EXERCISE:
Lines holding the word "Christmas" are the ones to copy from the data below.

Data records:
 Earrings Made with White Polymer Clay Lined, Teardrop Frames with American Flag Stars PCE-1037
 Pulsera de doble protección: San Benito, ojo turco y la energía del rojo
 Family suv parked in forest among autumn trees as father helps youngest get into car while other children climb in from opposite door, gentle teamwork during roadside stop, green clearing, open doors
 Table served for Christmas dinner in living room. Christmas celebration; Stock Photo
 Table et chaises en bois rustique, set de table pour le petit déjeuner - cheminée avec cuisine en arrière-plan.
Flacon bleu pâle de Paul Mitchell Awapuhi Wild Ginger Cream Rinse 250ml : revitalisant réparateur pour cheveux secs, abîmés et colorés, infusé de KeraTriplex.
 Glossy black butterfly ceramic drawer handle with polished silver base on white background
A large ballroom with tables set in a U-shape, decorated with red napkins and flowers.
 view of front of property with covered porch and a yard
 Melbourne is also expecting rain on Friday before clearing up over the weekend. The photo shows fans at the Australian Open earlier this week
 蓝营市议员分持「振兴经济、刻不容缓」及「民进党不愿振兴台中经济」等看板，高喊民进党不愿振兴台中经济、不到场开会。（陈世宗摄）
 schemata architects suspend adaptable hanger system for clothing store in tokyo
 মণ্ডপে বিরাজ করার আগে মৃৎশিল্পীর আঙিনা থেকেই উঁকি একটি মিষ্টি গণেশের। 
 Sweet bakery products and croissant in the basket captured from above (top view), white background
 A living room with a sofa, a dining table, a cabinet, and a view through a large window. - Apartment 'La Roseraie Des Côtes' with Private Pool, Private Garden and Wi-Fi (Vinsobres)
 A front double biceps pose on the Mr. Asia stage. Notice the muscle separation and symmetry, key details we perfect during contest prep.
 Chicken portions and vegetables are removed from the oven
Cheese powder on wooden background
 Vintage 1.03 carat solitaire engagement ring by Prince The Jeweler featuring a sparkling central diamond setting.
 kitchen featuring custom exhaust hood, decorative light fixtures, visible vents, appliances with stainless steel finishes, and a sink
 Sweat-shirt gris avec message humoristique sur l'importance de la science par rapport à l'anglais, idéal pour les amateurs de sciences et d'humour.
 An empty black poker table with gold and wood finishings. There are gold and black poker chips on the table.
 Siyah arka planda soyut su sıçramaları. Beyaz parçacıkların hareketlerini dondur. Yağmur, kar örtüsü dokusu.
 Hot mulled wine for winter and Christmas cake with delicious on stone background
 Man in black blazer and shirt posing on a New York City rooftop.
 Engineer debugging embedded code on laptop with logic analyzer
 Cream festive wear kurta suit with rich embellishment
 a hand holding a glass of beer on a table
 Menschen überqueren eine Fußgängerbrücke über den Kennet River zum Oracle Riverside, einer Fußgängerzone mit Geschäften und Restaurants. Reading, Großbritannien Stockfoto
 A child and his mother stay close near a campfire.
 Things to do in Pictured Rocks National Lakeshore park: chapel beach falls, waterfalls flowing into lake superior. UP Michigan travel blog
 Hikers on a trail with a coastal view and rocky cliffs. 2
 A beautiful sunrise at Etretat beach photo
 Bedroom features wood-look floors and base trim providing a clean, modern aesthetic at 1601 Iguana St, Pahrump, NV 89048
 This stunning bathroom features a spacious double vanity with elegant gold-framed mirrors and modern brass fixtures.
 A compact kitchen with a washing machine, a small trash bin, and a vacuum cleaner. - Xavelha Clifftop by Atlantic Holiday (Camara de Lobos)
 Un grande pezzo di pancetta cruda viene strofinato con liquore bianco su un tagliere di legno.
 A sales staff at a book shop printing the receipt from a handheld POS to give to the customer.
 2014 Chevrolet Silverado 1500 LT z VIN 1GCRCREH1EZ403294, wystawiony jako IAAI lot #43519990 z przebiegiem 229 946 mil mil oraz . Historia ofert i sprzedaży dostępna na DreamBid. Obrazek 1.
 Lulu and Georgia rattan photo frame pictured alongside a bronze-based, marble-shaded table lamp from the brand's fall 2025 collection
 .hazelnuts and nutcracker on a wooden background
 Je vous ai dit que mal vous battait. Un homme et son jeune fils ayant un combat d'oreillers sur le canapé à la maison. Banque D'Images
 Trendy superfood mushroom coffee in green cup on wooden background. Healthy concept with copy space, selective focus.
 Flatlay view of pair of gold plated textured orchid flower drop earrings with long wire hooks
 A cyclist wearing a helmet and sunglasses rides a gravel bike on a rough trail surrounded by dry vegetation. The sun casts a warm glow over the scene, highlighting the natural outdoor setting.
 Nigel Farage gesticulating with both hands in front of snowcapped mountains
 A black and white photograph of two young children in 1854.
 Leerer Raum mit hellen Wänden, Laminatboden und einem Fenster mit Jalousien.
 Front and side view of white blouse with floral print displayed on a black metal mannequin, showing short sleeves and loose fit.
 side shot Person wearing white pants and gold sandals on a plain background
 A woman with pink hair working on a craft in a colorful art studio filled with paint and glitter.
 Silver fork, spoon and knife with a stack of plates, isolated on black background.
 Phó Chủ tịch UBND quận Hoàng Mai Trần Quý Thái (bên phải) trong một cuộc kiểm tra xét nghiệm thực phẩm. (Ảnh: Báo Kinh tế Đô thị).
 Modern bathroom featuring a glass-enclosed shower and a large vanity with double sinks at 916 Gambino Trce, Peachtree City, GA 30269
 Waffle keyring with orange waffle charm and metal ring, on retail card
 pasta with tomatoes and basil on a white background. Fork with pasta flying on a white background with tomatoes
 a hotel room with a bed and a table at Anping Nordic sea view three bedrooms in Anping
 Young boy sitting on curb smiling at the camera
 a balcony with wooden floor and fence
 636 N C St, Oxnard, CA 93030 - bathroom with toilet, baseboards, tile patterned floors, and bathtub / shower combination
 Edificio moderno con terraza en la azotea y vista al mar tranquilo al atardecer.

WRITTEN ANSWER:
 Table served for Christmas dinner in living room. Christmas celebration; Stock Photo
 Hot mulled wine for winter and Christmas cake with delicious on stone background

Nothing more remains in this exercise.